Dietary vitamin E intake was assessed at a baseline health examination (1HE) between 1993 and 1997, using 7 day food diaries, in participants from the EPIC-Norfolk cohort study^{(Reference Day, Oakes and Luben3)}; non-fasting serum cholesterol and plasma α-tocopherol concentrations were also measured at this time-point. At a second health examination, (2HE), broadband ultrasound attenuation (BUA) of the calcaneus (heel bone) was measured, which was used to indicate bone density status. Data collected via two self-administered Health and Lifestyle Questionnaires (HLQ1 and HLQ2), before the 1HE and 2HE respectively, were used to establish classification of a number of variables. Analyses were conducted on sub-samples with measures of BUA and dietary vitamin E intake (6,443 men and 8,251 women, aged 39–79 y) and BUA and cholesterol-adjusted plasma α-tocopherol concentration (2,308 men and 2,149 women, aged 42–82 y). Analysis of covariance and linear regression were used to study associations of BUA across sex-specific quintiles of dietary vitamin E intake (adjusted for age, BMI, total energy, dietary calcium intake, smoking status, physical activity, corticosteroid use, calcium and vitamin D supplement use and family history of osteoporosis and menopausal status and HRT use in women), and also across sex-specific cholesterol-adjusted plasma α-tocopherol concentration (adjusted for age, BMI, smoking status, physical activity, corticosteroid use and family history of osteoporosis, and menopausal status and HRT use in women).

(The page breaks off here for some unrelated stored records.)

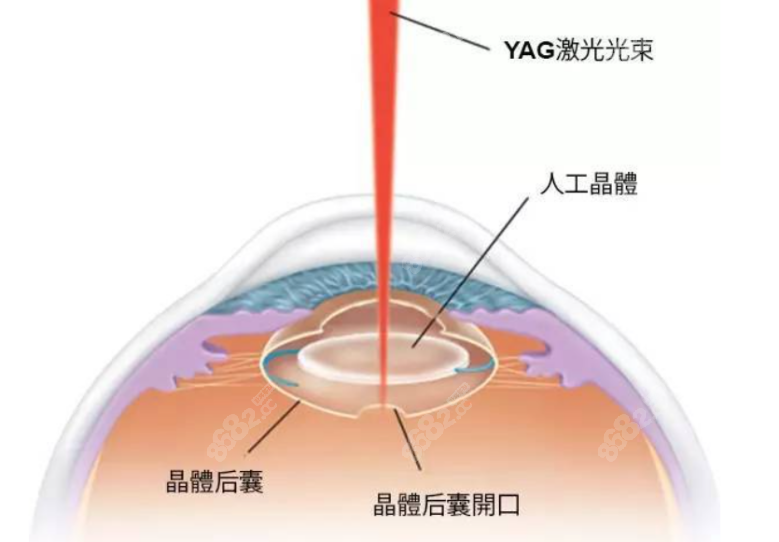 YAG激光后囊膜切开术8682.cc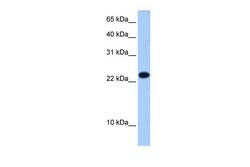 Invitrogen eIF4E3 Polyclonal Antibody 100 &mu;L; Unconjugated:Antibodies,
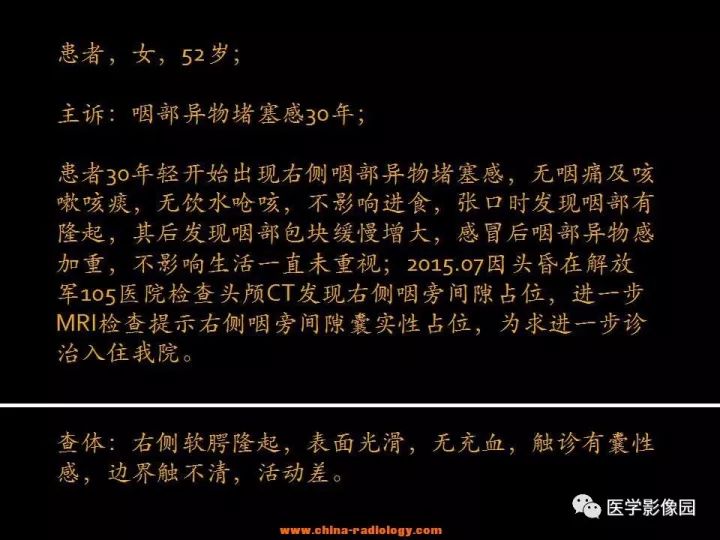 【病例】颈部神经鞘瘤1例CT影像表现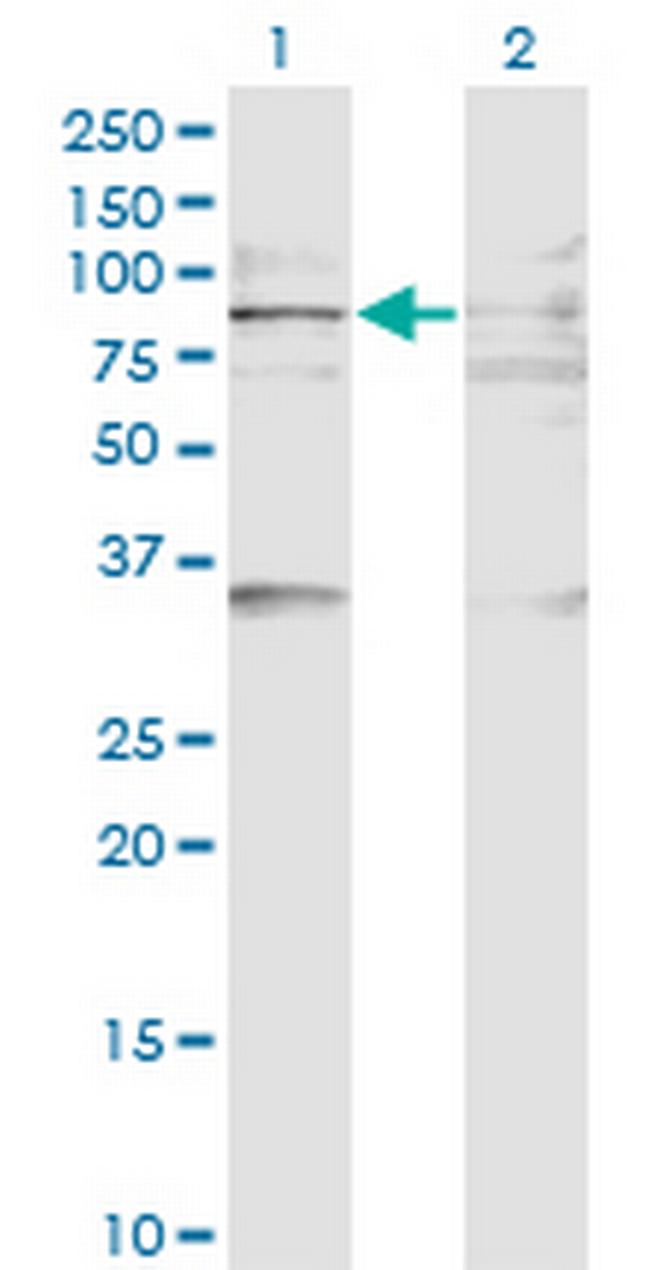 BAZ2B Antibody in Western Blot (WB)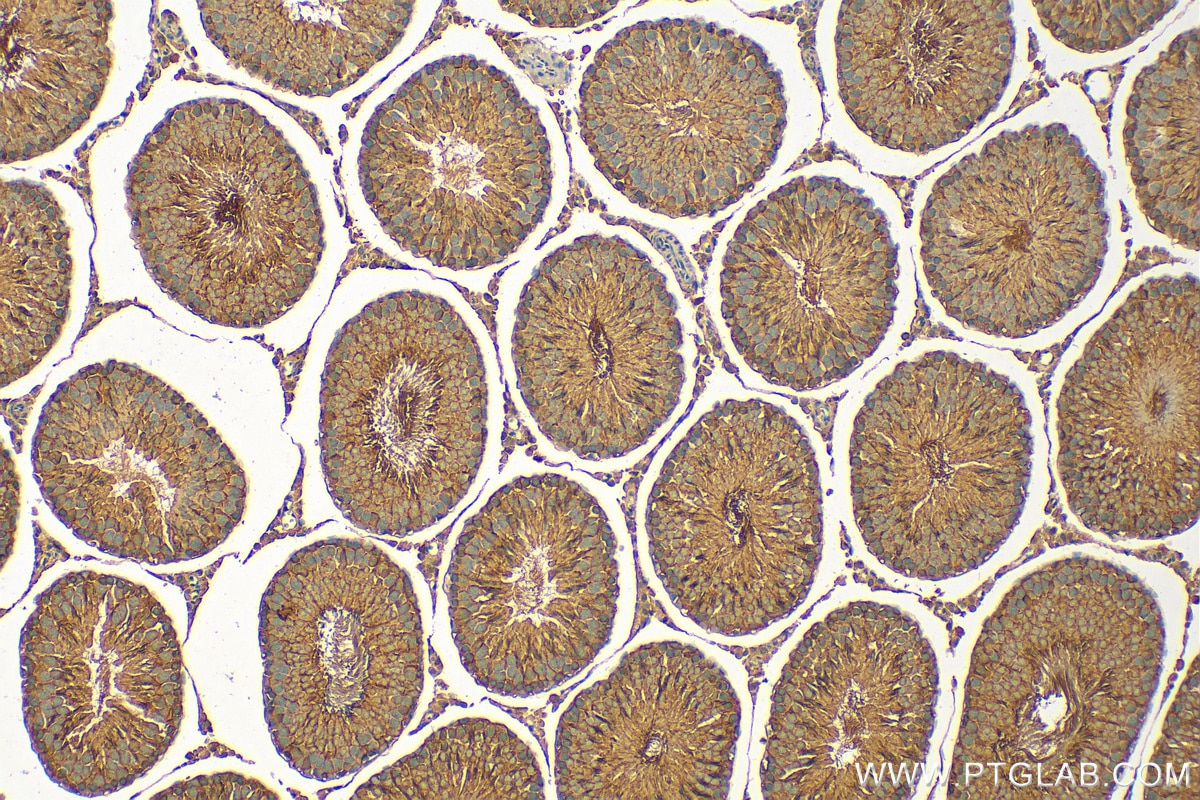 Immunohistochemistry (IHC) staining of rat testis tissue using SPRED2 Polyclonal antibody (24091-1-AP)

In both men and women, mean BUA tended to significantly increase across both quintiles of dietary vitamin E intake and cholesterol-adjusted plasma α-tocopherol concentration (P < 0.001). The differences between Q1 and Q5 for BUA across dietary vitamin E and cholesterol-adjusted plasma α-tocopherol concentration quintiles were 1.2% and 1.3% in men and 0.8% and 2.1% in women, respectively. A significant difference was identified across quintiles of dietary vitamin E in men only, for Q3 vs Q1 (+1.8%; P < 0.05) but no significant differences were found between quintile 1 and any of the other quintiles in the cholesterol-adjusted plasma α-tocopherol concentration model.

This study provides evidence that dietary vitamin E intake, confirmed by circulating concentrations of α-tocopherol, is beneficial to adult bone density status, in middle- and older-aged men and women. Further investigation is required to ascertain whether similar associations exist with osteoporotic fracture risk in this cohort.